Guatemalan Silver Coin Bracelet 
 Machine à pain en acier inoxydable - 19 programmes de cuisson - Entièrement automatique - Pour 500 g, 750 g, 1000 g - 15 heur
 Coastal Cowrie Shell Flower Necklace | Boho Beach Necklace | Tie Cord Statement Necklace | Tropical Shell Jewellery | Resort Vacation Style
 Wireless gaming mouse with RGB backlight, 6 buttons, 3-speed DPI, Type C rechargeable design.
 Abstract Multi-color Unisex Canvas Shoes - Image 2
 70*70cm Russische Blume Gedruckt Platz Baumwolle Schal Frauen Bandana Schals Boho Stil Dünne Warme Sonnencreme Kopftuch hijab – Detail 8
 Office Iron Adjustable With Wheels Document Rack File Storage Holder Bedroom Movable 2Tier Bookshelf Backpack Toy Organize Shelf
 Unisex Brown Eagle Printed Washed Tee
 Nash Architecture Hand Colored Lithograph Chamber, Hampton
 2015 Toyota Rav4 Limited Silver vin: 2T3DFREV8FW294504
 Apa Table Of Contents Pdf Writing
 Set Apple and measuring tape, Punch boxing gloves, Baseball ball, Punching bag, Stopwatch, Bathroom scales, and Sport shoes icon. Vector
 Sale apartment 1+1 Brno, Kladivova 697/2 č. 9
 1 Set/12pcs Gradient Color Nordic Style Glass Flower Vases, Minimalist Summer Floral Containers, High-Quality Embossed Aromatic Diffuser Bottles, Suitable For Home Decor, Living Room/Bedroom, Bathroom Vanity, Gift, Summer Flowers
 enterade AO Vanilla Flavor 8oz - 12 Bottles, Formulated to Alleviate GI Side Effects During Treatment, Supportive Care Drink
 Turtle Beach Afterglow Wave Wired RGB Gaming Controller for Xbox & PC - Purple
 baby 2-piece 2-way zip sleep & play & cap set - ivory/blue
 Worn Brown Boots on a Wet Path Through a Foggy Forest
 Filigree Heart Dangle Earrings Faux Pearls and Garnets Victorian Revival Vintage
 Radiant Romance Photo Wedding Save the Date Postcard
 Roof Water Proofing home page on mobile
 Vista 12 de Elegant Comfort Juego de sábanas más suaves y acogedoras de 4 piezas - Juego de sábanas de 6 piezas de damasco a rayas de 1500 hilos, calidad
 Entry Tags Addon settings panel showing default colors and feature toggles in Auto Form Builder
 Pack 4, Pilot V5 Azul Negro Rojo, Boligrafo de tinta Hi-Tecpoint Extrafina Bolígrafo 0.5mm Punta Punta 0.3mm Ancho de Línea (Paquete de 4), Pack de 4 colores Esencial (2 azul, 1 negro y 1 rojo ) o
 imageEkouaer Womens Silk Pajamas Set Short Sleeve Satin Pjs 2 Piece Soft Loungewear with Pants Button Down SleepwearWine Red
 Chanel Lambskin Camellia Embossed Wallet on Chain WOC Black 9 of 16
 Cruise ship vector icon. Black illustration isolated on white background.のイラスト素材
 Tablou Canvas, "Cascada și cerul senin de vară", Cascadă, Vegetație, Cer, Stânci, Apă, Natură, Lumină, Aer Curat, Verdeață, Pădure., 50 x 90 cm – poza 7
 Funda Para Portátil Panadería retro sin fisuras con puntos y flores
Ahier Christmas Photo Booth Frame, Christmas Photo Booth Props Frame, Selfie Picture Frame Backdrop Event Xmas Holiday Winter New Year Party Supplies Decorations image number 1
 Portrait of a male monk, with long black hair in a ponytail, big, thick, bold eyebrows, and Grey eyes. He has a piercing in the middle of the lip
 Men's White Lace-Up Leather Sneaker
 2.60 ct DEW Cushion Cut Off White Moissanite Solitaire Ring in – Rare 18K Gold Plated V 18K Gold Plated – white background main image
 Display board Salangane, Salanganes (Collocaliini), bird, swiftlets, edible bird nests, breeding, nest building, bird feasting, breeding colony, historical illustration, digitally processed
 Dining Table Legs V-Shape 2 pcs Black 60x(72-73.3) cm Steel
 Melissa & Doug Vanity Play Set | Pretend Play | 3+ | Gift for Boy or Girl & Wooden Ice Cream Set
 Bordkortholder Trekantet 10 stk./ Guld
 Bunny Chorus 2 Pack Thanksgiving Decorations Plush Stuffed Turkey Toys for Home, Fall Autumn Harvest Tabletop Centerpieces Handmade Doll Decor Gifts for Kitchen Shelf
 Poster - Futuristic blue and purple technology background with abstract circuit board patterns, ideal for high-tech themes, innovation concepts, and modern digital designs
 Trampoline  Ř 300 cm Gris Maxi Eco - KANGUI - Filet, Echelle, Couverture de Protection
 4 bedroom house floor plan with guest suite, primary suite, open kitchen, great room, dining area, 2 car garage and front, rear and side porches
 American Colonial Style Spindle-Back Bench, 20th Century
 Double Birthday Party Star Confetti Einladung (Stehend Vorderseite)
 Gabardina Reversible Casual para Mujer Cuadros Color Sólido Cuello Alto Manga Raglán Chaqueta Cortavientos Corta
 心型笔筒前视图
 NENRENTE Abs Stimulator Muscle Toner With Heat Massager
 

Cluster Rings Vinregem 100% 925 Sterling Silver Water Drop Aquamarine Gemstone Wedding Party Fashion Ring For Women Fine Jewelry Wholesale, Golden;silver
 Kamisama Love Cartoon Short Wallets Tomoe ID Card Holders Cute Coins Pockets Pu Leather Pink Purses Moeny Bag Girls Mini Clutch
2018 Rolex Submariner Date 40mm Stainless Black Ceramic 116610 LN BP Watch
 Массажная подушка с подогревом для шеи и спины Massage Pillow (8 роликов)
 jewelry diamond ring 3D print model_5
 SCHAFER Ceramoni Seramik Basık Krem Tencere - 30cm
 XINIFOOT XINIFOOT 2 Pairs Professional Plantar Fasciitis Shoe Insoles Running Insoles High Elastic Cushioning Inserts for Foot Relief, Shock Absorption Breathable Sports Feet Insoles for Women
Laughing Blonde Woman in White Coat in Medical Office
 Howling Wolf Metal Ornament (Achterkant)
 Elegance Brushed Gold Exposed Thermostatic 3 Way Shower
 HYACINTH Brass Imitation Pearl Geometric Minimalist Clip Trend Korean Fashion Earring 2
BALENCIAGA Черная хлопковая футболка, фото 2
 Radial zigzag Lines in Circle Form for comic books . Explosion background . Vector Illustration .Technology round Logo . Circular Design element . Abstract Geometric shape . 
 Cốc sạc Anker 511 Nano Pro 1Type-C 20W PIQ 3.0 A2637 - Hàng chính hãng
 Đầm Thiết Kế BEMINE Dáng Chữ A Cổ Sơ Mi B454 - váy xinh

================

= Task =
All lines in the preceding records that hold the word "Photo" need to be copied.

= Result of the task =
 Radiant Romance Photo Wedding Save the Date Postcard
Ahier Christmas Photo Booth Frame, Christmas Photo Booth Props Frame, Selfie Picture Frame Backdrop Event Xmas Holiday Winter New Year Party Supplies Decorations image number 1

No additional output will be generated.